Oleh karena itu Amerika Serikat merancang resolusi dan dengan segala kekuatan
berupaya meminta pengesahan Dewan Keamanan PBB untuk mengusir dan melumpuhkan
militer Irak. Alasan yang dikemukakan Amerika Serikat, Irak telah melanggar
hukum internasional dan hak rakyat Kuwait untuk bernegara harus dipulihkan.
Akhirnya DK PBB mengesahkan 12 resolusi mulai dari kecaman, pengerahan pasukan
multi nasional, blokade ekonomi sampai persetujuan penggunaan senjata militer.
Dasar
Amerika Serikat begitu bernafsu terlibat langsung dalam konflik Irak-Kuwait
berkaitan dengan kepentingan global Amerika Serikat untuk menguasai kawasan
Timur Tengah secara ekonomi, politik maupun strategis. Selain itu Amerika
Serikat berkepentingan untuk membatasi radikalisme Arab yang sering mengganggu
Barat. Amerika Serikat juga mempunyai komitmen untuk selalu melindungi
kepentingan Israel. Untuk mengamankan kekayaan Timur Tengah dan kepentingan
Amerika Serikat secara keseluruhan maka Amerika Serikat perlu menjalin hubungan
erat dengan negara di wilayah itu.
Serangan
bertubi-tubi Amerika Serikat terhadap Irak telah membuka kedok siapa sebenarnya
Amerika Serikat, terutama dalam konteks politik Timur Tengah. Semakin jelas
bahwa kepentingan politik luar negeri Amerika Serikat di kawasan Timur Tengah
adalah Israel dan minyak. Faktor Israel berkaitan erat dengan kuatnya lobi
Yahudi dalam politik domestik Amerika Serikat. Oleh sebab itu apapun yang
diperbuat Israel tidak akan ditentang Amerika Serikat. Bahkan Amerika Serikat
akan menentang setiap usaha menghukum pelanggaran yang dilakukan Israel
terhadap norma-norma hubungan internasional. Faktor minyak memang sangat
penting bagi Amerika Serikat yang memiliki kebutuhan konsumsi minyak yang
sangat besar. Untuk itu Amerika Serikat selalu berusaha untuk menguasai
negara-negara yang kaya minyak termasuk Irak.

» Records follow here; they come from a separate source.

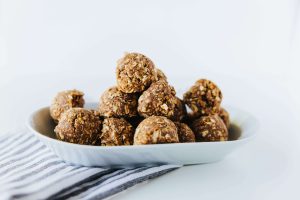 Read more about the article Peanut Butter Oat Bites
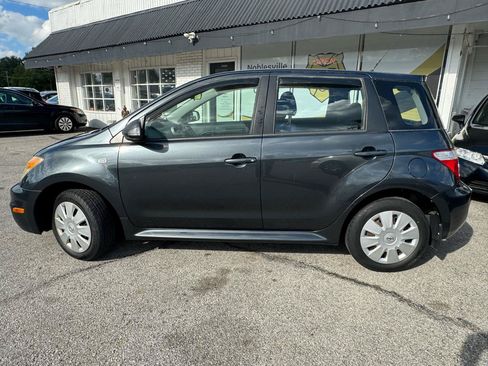 Used 2006 Scion xA FWD image 3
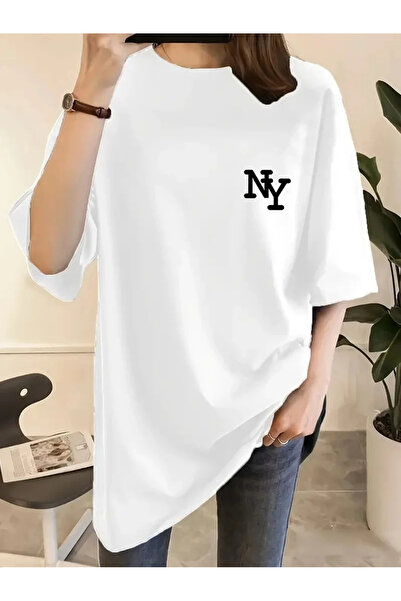 BLACK MODBLACK تي شيرت نسائي مطبوع عليه حروف NY بياقة دائرية - مصنوع من البول...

B. Intervensi Amerika Serikat
terhadap Konflik di Irak (Tahun 2003)
Rencana
Amerika Serikat untuk menyingkirkan Saddam Hussein yang dianggap sebagai
ancaman telah muncul jauh sebelum Perang Teluk III terjadi. Sejumlah dokumen
mengungkapkan bahwa niat untuk menyingkirkan Saddam Hussein sudah lama menjadi
cita-cita para pemimpin Amerika Serikat. Beberapa tahun sebelum George Walker
Bush menjadi Presiden Amerika Serikat dan beberapa tahun sebelum terjadi
tragedi 11 September 2001 terjadi, sekelompok neokonservatif yang berpengaruh
menyusun sebuah rencana untuk menyingkirkan rezim Saddam Hussein. Gagasan untuk
menyingkirkan Saddam paling tidak sudah mulai mengemuka tahun 1992 dan kemudian
dipertegas pada tahun 1997 dengan dibentuknya Project for the New American
Century (PNAC) oleh kelompok neokonservatif.
Sejak
awal PNAC selalu memprovokasi pemerintah Amerika Serikat untuk menyerang Irak
dan menyingkirkan Saddam Hussein. Setelah George W. Bush menjadi presiden,
peluang untuk melaksanakan tujuan PNAC semakin besar. Tragedi 11 September 2001
menjadi titik tolak dalam usaha menggulingkan rezim Saddam. Kelompok
neokonservatif yang berpengaruh dalam pemerintahan Bush berusaha mempengaruhi
Bush dalam menentukan kebijakan luar negeri Amerika Serikat pasca peristiwa 11
September 2001. Anggota kelompok neokonservatif yang sebagian juga merupakan
anggota PNAC itu disebut dengan kaum hawkish. Hawkishness atau hawkish adalah
sebuah istilah tidak resmi yang digunakan untuk menggambarkan para pemimpin
politik yang memiliki kecenderungan militeristik atau properang.
Selain
keterlibatan dengan teroris, Amerika Serikat juga mengeluarkan isu mengenai
kepemilikan senjata pemusnah massal Irak. Upaya Presiden Bush untuk menggiring
rakyatnya dan masyarakat dunia untuk mendukung niatnya menyerang Irak dilakukan
lewat pidato tahunannya yang dikenal dengan pidato ”state of the union”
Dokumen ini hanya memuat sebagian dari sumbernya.